Nous vivons dans un monde interconnecté et interdépendant. Aujourd’hui, aucune nation au monde n’a le pouvoir de se refermer sur elle-même sans contact avec l’extérieur. Les autorités supranationales prennent le pas sur la souveraineté des Etats dans les domaines politiques, économiques et sociaux. Que ce soit l’Union Européenne, l’Union Africaine, l’ONU ou l’OTAN, les décisions dépassent désormais la seule volonté des dirigeants nationaux.

L’Aquarius submerge l’Europe

Aquarius

630 migrants ont été sauvés par le navire l’Aquarius en Méditerranée.

En termes d’immigration, le constat est le même. Les directives Européennes en matière d’accueil d’étrangers et de réfugiés donnent le « LA » aux Etats membres. Récemment, l’affaire de l’Aquarius, ce bateau avec 630 migrants à son bord, bloqué en Méditerranée, a divisé l’Europe. Sur fond de bataille politique, les gouvernements français et italiens ont utilisé cette histoire à leurs propres comptes. La propagande médiatique a enfoncé le clou en contournant les questions de fond. D’après la pensée majoritaire, refuser l’accueil aux réfugiés serait forcément un acte raciste…

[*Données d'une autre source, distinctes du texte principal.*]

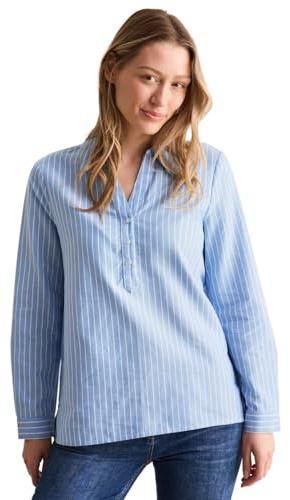 Cecil dam B345319 Randig Oxford-blus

Mais si nous posons calmement les faits, la situation apparaît autrement : une vague migratoire d’Africains part à destination de l’Europe, elle est ballotée de pays en pays, hommes, femmes et enfants entassés dans des bateaux, avec de nombreux morts en mer…ceux qui arrivent se retrouvent dans des conditions de vie indécentes, sous des ponts et représentent une main d’œuvre exploitée…tout cela ne vous rappelle rien? Peut-on être aveuglement favorable à l’arrivée de nos frères et sœurs du continent sachant comment ils sont accueillis?

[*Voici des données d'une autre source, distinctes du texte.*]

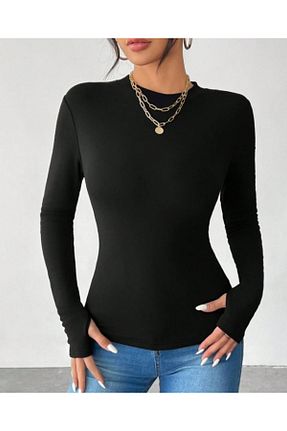 بادی حجاب مشکی زنانه پنبه ای LADY HAZAL - کد 857560478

A ce propos, le Ministre de l’Intérieur italien, présenté comme un homme d’extrême droite raciste par la classe politique et les médias dominants, avait Tweeté cette phrase le 10 juin:

« A partir d’aujourd’hui aussi l’Italie commence à dire non à la traite des êtres humains, non aux histoires d’immigration illégale. Mon but est d’assurer une vie sereine pour ces enfants en Afrique et pour nos enfants en Italie. »

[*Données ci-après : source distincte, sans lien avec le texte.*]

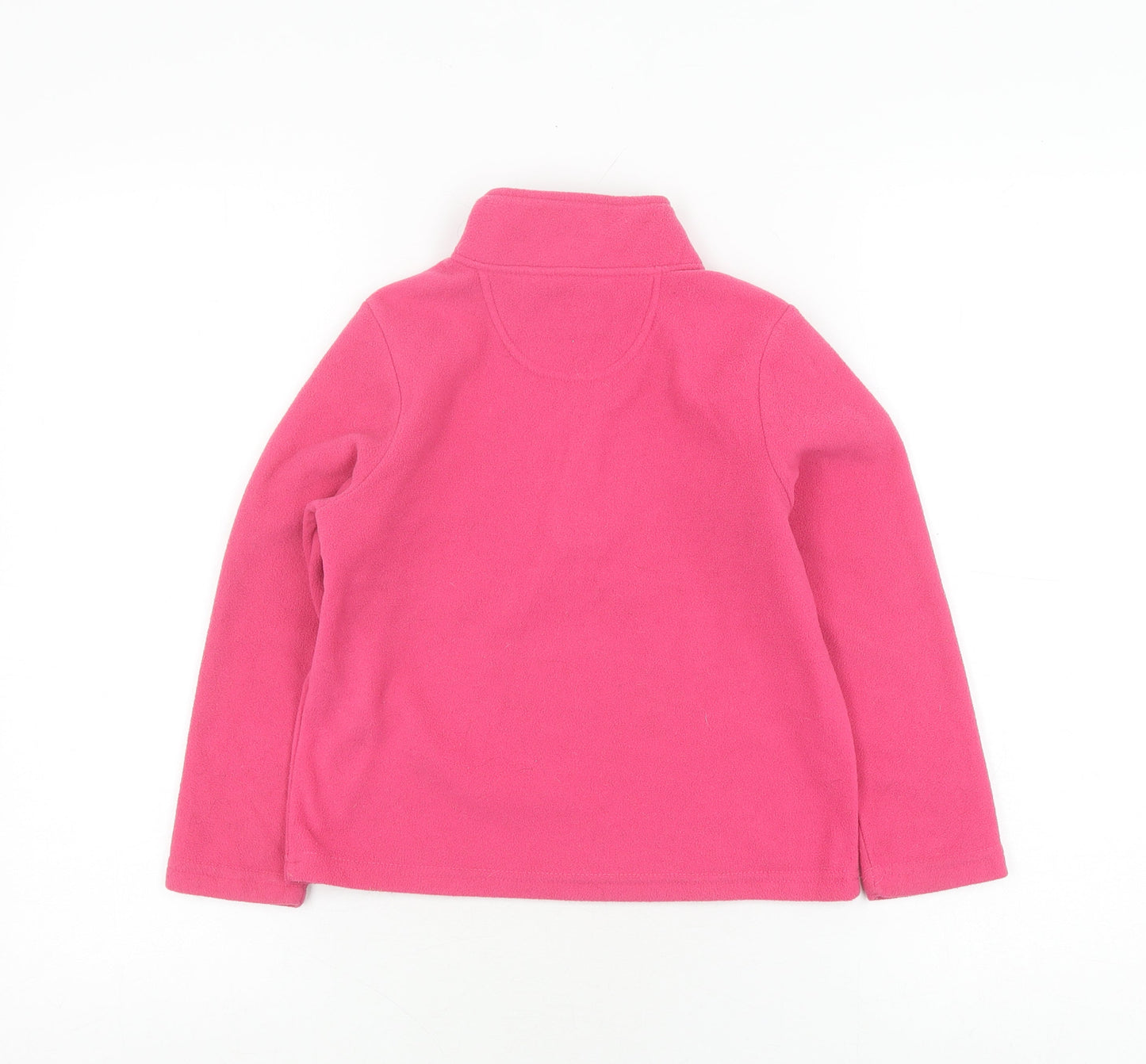 Peter Storm Girls Pink Fleece Hoodie, Zip, 5-6 Years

Une nouvelle question se pose alors: l’ouverture des frontières et l’accueil des migrants, est-ce forcément un acte humaniste?

Les pays « ouverts » sont-ils moins racistes?

Etats-Unis

Une foule manifeste à Dallas, au Texas, contre la violence policière après la mort de Philando Castile, abattu par un policier dans sa voiture devant sa compagne et sa petite fille. – Laura Buckman – AFP

Champion du monde des bavures policières, on ne compte plus le nombre de protestations antiracistes qui se sont déroulées aux Etats-Unis. Floride (2012), Fergusson (2014), Charleston (2015), Dallas (2016), Minesota (2017), Sacramento (2018)… le bilan est lourd. Selon un décompte du Washington Post  publié le 4 juin 2018, 987 personnes ont été tuées par la police l’année dernière (2017), dont 68 n’étaient pas armées. Les Noirs ont représenté 23 % des personnes tuées par la police en 2017, alors qu’ils ne constituent que 6 % de la population.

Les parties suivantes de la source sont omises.